══ Information supplied ══
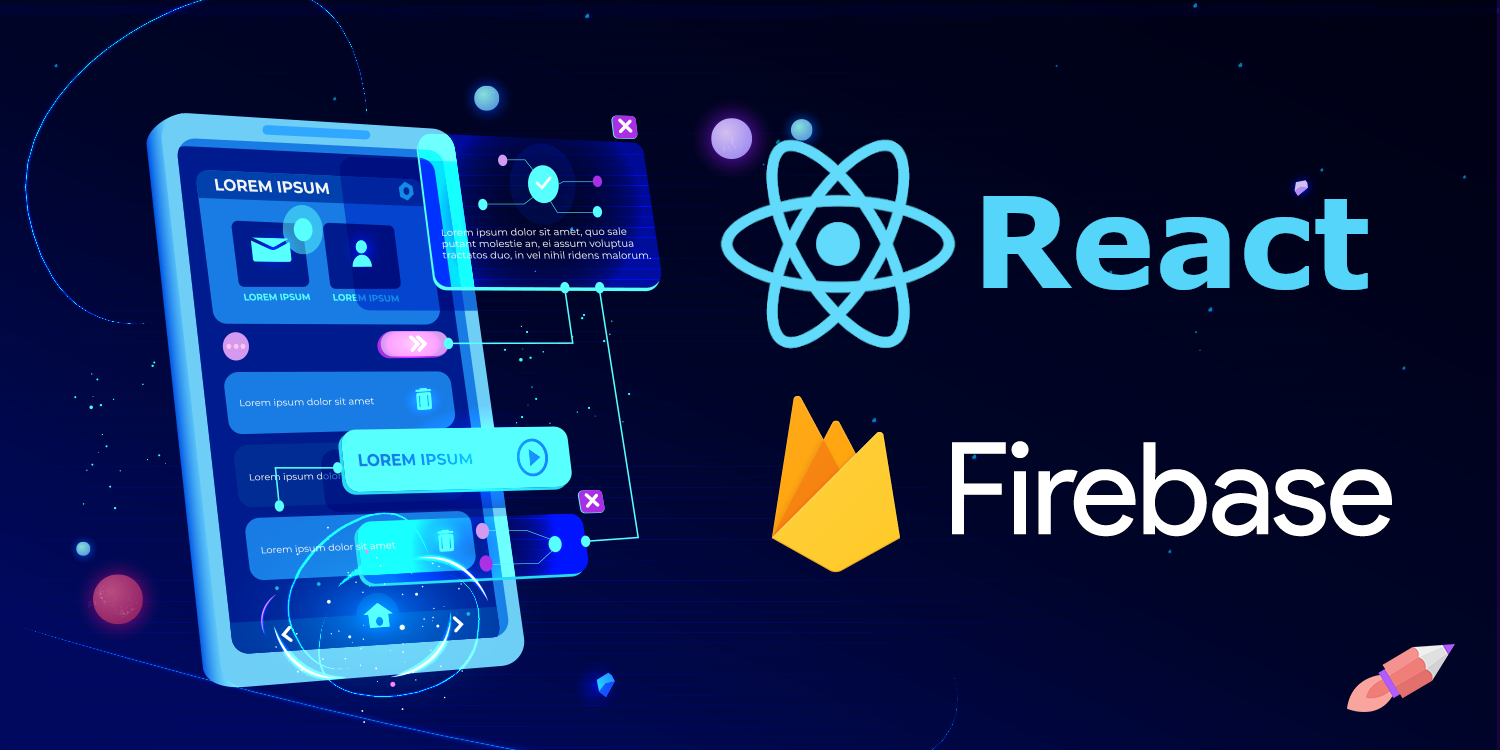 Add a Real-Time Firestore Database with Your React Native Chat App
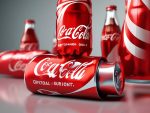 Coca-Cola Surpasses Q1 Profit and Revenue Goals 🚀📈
═══
══ Information supplied ══
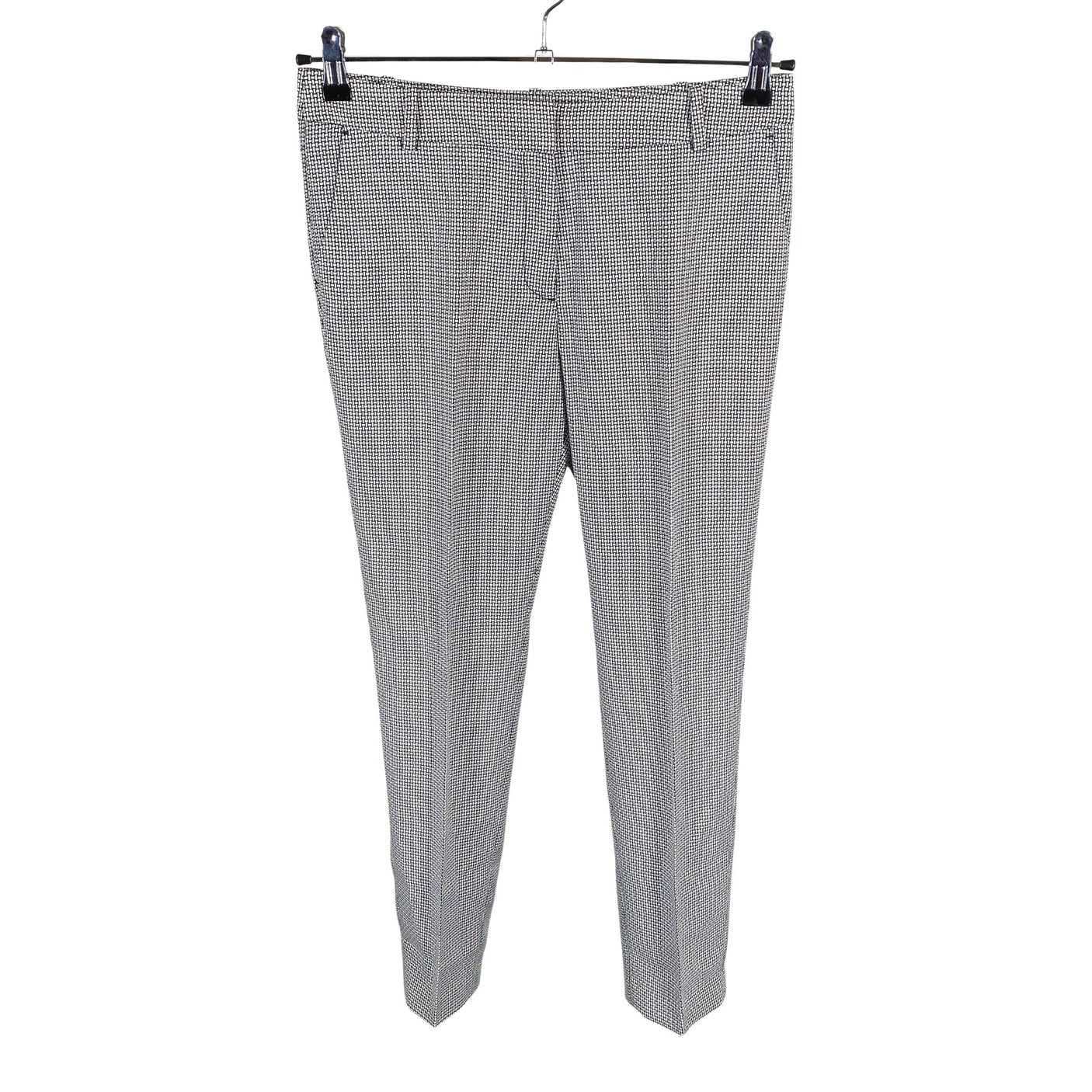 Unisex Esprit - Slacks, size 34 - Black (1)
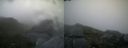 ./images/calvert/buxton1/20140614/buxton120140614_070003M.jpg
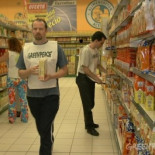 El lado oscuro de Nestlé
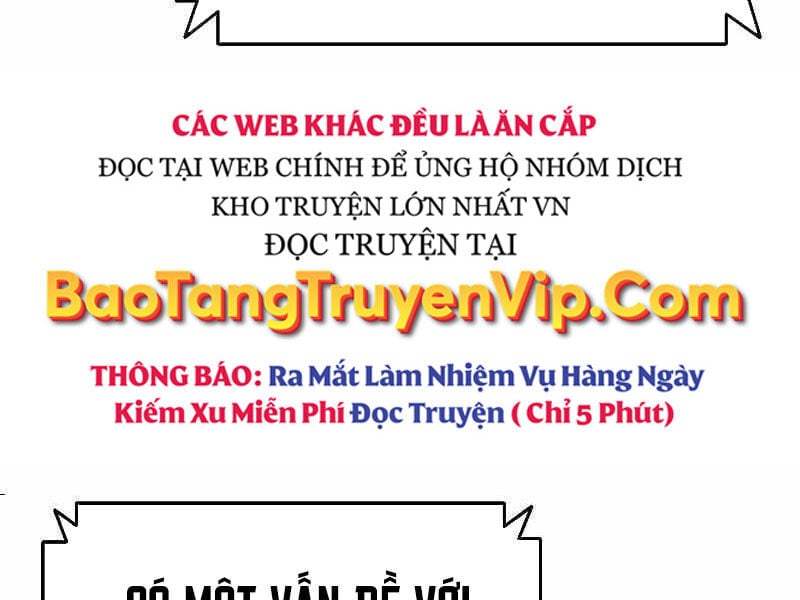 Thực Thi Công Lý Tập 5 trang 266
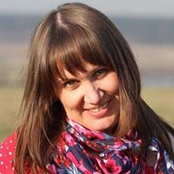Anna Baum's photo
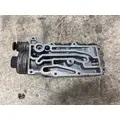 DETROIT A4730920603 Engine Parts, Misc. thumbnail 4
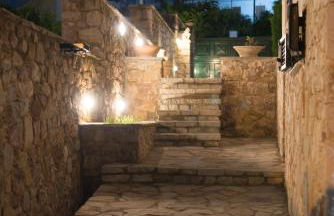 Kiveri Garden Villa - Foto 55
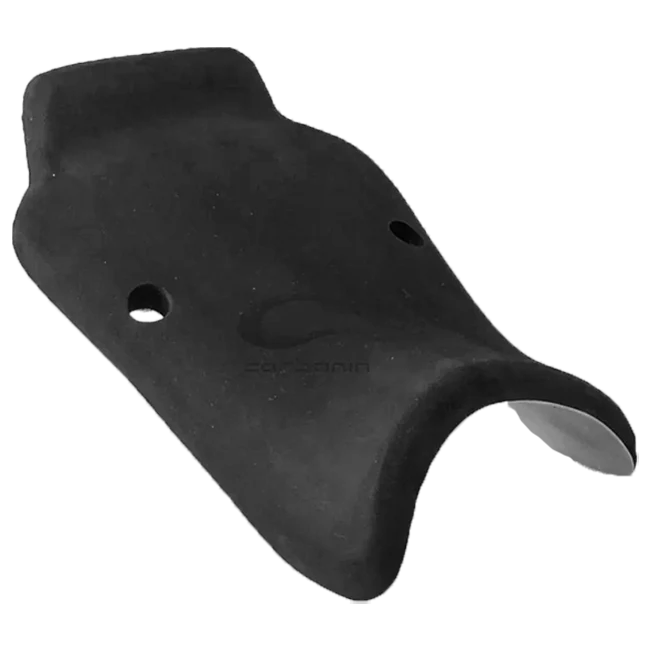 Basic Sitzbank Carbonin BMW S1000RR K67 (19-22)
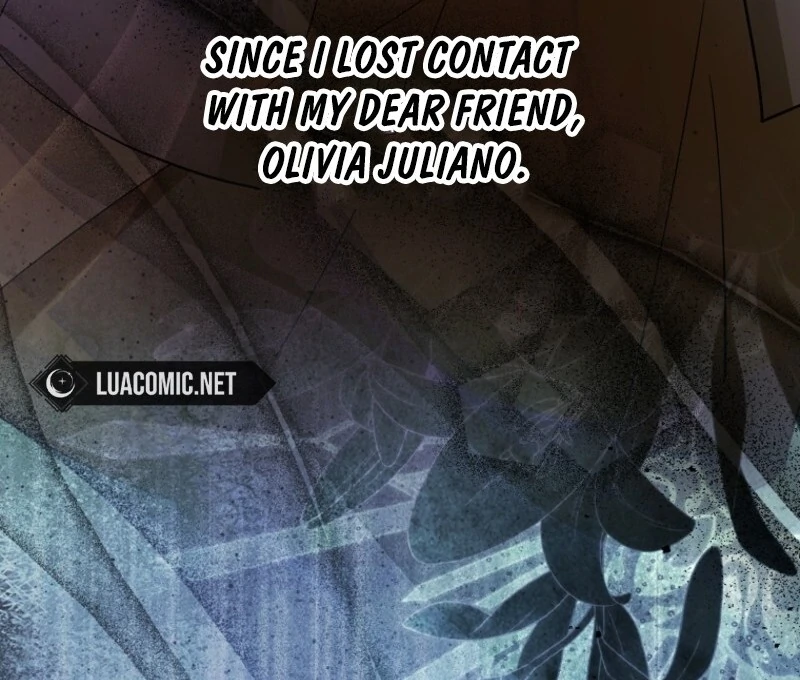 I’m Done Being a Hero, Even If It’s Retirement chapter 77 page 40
═══
**What is expected**
Pictures excluded, give again exactly and only the lines of the material above from the line with "Unisex Esprit - Slacks, size 34 - Black (1)" through the line with "I’m Done Being".

**Answer to the problem**
 Unisex Esprit - Slacks, size 34 - Black (1)
 ./images/calvert/buxton1/20140614/buxton120140614_070003M.jpg
 El lado oscuro de Nestlé
 Thực Thi Công Lý Tập 5 trang 266
Anna Baum's photo
 DETROIT A4730920603 Engine Parts, Misc. thumbnail 4
 Kiveri Garden Villa - Foto 55
 Basic Sitzbank Carbonin BMW S1000RR K67 (19-22)
 I’m Done Being a Hero, Even If It’s Retirement chapter 77 page 40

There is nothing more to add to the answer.